# [Exercise brief]
Print every line below. Match each one exactly.

(Extracted information Opens)

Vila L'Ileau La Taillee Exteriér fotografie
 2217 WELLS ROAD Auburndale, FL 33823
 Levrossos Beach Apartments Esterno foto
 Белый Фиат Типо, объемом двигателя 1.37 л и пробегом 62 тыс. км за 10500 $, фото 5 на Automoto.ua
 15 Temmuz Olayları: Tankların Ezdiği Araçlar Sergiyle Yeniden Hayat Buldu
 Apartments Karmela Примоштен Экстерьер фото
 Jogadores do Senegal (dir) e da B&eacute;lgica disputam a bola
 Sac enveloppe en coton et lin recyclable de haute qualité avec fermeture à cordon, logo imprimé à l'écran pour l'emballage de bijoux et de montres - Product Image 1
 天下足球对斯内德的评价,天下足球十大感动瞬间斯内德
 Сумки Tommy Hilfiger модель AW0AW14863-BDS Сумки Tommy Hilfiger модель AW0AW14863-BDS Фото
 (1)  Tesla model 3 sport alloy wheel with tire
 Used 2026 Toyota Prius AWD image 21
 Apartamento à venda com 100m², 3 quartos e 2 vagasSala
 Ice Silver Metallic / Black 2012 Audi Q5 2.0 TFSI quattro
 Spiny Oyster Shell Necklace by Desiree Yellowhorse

(Extracted information Closes)

# [Your response]
Vila L'Ileau La Taillee Exteriér fotografie
 2217 WELLS ROAD Auburndale, FL 33823
 Levrossos Beach Apartments Esterno foto
 Белый Фиат Типо, объемом двигателя 1.37 л и пробегом 62 тыс. км за 10500 $, фото 5 на Automoto.ua
 15 Temmuz Olayları: Tankların Ezdiği Araçlar Sergiyle Yeniden Hayat Buldu
 Apartments Karmela Примоштен Экстерьер фото
 Jogadores do Senegal (dir) e da B&eacute;lgica disputam a bola
 Sac enveloppe en coton et lin recyclable de haute qualité avec fermeture à cordon, logo imprimé à l'écran pour l'emballage de bijoux et de montres - Product Image 1
 天下足球对斯内德的评价,天下足球十大感动瞬间斯内德
 Сумки Tommy Hilfiger модель AW0AW14863-BDS Сумки Tommy Hilfiger модель AW0AW14863-BDS Фото
 (1)  Tesla model 3 sport alloy wheel with tire
 Used 2026 Toyota Prius AWD image 21
 Apartamento à venda com 100m², 3 quartos e 2 vagasSala
 Ice Silver Metallic / Black 2012 Audi Q5 2.0 TFSI quattro
 Spiny Oyster Shell Necklace by Desiree Yellowhorse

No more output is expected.